▶ [TASK STATEMENT] Set down the entries below exactly as written.

▶ [SUPPLIED DATA]
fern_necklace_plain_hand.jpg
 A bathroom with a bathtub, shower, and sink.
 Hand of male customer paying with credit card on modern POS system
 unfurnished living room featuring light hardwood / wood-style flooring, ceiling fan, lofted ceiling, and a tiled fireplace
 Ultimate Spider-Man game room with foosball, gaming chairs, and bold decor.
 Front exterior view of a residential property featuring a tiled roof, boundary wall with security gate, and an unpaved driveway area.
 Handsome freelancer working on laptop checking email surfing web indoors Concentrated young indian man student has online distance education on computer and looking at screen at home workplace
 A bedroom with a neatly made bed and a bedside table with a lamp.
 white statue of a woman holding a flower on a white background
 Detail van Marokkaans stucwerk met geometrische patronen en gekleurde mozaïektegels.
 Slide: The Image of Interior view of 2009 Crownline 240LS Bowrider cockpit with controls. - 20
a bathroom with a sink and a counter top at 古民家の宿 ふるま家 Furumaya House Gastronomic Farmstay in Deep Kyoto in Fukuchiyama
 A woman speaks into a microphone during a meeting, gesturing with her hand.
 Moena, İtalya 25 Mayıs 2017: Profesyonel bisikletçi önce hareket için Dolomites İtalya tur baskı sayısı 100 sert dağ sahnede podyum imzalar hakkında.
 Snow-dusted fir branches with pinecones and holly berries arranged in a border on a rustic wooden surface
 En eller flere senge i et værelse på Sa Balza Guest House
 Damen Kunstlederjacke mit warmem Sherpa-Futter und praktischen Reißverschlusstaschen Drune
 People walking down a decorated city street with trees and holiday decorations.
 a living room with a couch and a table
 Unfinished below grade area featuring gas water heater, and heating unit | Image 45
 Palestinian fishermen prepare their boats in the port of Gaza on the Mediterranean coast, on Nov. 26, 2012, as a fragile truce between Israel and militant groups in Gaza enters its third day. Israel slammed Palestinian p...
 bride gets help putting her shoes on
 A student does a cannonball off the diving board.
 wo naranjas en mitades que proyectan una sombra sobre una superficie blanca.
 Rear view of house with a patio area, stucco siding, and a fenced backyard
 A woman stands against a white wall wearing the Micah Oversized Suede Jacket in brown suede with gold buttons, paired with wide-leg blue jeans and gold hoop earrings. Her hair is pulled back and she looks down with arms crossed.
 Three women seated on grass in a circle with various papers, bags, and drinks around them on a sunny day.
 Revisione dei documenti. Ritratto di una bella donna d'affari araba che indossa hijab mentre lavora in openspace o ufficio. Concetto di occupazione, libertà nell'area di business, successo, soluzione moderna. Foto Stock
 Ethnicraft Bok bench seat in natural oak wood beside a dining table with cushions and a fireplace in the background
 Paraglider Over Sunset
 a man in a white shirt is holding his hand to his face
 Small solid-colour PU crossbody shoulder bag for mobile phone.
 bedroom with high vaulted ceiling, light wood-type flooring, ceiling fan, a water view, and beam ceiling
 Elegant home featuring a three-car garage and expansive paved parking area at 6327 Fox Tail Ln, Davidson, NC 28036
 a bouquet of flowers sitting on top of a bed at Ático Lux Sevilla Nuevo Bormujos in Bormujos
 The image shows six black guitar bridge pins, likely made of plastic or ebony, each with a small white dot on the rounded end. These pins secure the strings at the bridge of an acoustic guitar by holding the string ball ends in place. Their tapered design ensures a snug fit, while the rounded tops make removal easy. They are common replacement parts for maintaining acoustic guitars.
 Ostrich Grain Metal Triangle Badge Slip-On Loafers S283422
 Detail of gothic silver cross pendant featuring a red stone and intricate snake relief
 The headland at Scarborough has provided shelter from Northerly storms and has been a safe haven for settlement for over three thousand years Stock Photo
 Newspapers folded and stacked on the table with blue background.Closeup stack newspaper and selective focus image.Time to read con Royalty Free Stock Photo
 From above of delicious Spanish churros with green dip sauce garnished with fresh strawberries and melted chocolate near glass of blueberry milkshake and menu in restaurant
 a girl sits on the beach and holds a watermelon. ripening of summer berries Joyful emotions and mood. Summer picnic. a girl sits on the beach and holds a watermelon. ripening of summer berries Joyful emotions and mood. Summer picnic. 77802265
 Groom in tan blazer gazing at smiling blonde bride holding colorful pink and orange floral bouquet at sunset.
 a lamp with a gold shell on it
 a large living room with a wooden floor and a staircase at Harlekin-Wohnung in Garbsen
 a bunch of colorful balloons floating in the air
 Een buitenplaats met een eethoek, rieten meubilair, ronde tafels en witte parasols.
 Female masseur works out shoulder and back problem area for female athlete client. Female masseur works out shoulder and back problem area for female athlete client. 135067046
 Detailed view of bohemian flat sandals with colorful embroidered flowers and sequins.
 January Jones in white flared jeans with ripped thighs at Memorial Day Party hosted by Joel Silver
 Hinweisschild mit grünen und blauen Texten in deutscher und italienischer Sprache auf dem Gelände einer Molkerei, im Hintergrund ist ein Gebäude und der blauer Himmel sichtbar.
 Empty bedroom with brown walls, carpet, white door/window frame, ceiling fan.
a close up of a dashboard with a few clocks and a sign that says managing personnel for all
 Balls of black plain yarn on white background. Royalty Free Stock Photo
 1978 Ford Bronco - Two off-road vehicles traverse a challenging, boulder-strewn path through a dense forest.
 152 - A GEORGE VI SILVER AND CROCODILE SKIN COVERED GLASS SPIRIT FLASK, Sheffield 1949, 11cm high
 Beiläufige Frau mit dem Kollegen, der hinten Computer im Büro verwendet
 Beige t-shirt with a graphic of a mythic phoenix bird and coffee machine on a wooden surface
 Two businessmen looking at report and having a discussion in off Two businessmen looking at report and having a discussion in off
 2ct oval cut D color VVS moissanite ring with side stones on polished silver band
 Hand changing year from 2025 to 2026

▶ [SOLUTION TO THIS EXERCISE]
fern_necklace_plain_hand.jpg
 A bathroom with a bathtub, shower, and sink.
 Hand of male customer paying with credit card on modern POS system
 unfurnished living room featuring light hardwood / wood-style flooring, ceiling fan, lofted ceiling, and a tiled fireplace
 Ultimate Spider-Man game room with foosball, gaming chairs, and bold decor.
 Front exterior view of a residential property featuring a tiled roof, boundary wall with security gate, and an unpaved driveway area.
 Handsome freelancer working on laptop checking email surfing web indoors Concentrated young indian man student has online distance education on computer and looking at screen at home workplace
 A bedroom with a neatly made bed and a bedside table with a lamp.
 white statue of a woman holding a flower on a white background
 Detail van Marokkaans stucwerk met geometrische patronen en gekleurde mozaïektegels.
 Slide: The Image of Interior view of 2009 Crownline 240LS Bowrider cockpit with controls. - 20
a bathroom with a sink and a counter top at 古民家の宿 ふるま家 Furumaya House Gastronomic Farmstay in Deep Kyoto in Fukuchiyama
 A woman speaks into a microphone during a meeting, gesturing with her hand.
 Moena, İtalya 25 Mayıs 2017: Profesyonel bisikletçi önce hareket için Dolomites İtalya tur baskı sayısı 100 sert dağ sahnede podyum imzalar hakkında.
 Snow-dusted fir branches with pinecones and holly berries arranged in a border on a rustic wooden surface
 En eller flere senge i et værelse på Sa Balza Guest House
 Damen Kunstlederjacke mit warmem Sherpa-Futter und praktischen Reißverschlusstaschen Drune
 People walking down a decorated city street with trees and holiday decorations.
 a living room with a couch and a table
 Unfinished below grade area featuring gas water heater, and heating unit | Image 45
 Palestinian fishermen prepare their boats in the port of Gaza on the Mediterranean coast, on Nov. 26, 2012, as a fragile truce between Israel and militant groups in Gaza enters its third day. Israel slammed Palestinian p...
 bride gets help putting her shoes on
 A student does a cannonball off the diving board.
 wo naranjas en mitades que proyectan una sombra sobre una superficie blanca.
 Rear view of house with a patio area, stucco siding, and a fenced backyard
 A woman stands against a white wall wearing the Micah Oversized Suede Jacket in brown suede with gold buttons, paired with wide-leg blue jeans and gold hoop earrings. Her hair is pulled back and she looks down with arms crossed.
 Three women seated on grass in a circle with various papers, bags, and drinks around them on a sunny day.
 Revisione dei documenti. Ritratto di una bella donna d'affari araba che indossa hijab mentre lavora in openspace o ufficio. Concetto di occupazione, libertà nell'area di business, successo, soluzione moderna. Foto Stock
 Ethnicraft Bok bench seat in natural oak wood beside a dining table with cushions and a fireplace in the background
 Paraglider Over Sunset
 a man in a white shirt is holding his hand to his face
 Small solid-colour PU crossbody shoulder bag for mobile phone.
 bedroom with high vaulted ceiling, light wood-type flooring, ceiling fan, a water view, and beam ceiling
 Elegant home featuring a three-car garage and expansive paved parking area at 6327 Fox Tail Ln, Davidson, NC 28036
 a bouquet of flowers sitting on top of a bed at Ático Lux Sevilla Nuevo Bormujos in Bormujos
 The image shows six black guitar bridge pins, likely made of plastic or ebony, each with a small white dot on the rounded end. These pins secure the strings at the bridge of an acoustic guitar by holding the string ball ends in place. Their tapered design ensures a snug fit, while the rounded tops make removal easy. They are common replacement parts for maintaining acoustic guitars.
 Ostrich Grain Metal Triangle Badge Slip-On Loafers S283422
 Detail of gothic silver cross pendant featuring a red stone and intricate snake relief
 The headland at Scarborough has provided shelter from Northerly storms and has been a safe haven for settlement for over three thousand years Stock Photo
 Newspapers folded and stacked on the table with blue background.Closeup stack newspaper and selective focus image.Time to read con Royalty Free Stock Photo
 From above of delicious Spanish churros with green dip sauce garnished with fresh strawberries and melted chocolate near glass of blueberry milkshake and menu in restaurant
 a girl sits on the beach and holds a watermelon. ripening of summer berries Joyful emotions and mood. Summer picnic. a girl sits on the beach and holds a watermelon. ripening of summer berries Joyful emotions and mood. Summer picnic. 77802265
 Groom in tan blazer gazing at smiling blonde bride holding colorful pink and orange floral bouquet at sunset.
 a lamp with a gold shell on it
 a large living room with a wooden floor and a staircase at Harlekin-Wohnung in Garbsen
 a bunch of colorful balloons floating in the air
 Een buitenplaats met een eethoek, rieten meubilair, ronde tafels en witte parasols.
 Female masseur works out shoulder and back problem area for female athlete client. Female masseur works out shoulder and back problem area for female athlete client. 135067046
 Detailed view of bohemian flat sandals with colorful embroidered flowers and sequins.
 January Jones in white flared jeans with ripped thighs at Memorial Day Party hosted by Joel Silver
 Hinweisschild mit grünen und blauen Texten in deutscher und italienischer Sprache auf dem Gelände einer Molkerei, im Hintergrund ist ein Gebäude und der blauer Himmel sichtbar.
 Empty bedroom with brown walls, carpet, white door/window frame, ceiling fan.
a close up of a dashboard with a few clocks and a sign that says managing personnel for all
 Balls of black plain yarn on white background. Royalty Free Stock Photo
 1978 Ford Bronco - Two off-road vehicles traverse a challenging, boulder-strewn path through a dense forest.
 152 - A GEORGE VI SILVER AND CROCODILE SKIN COVERED GLASS SPIRIT FLASK, Sheffield 1949, 11cm high
 Beiläufige Frau mit dem Kollegen, der hinten Computer im Büro verwendet
 Beige t-shirt with a graphic of a mythic phoenix bird and coffee machine on a wooden surface
 Two businessmen looking at report and having a discussion in off Two businessmen looking at report and having a discussion in off
 2ct oval cut D color VVS moissanite ring with side stones on polished silver band
 Hand changing year from 2025 to 2026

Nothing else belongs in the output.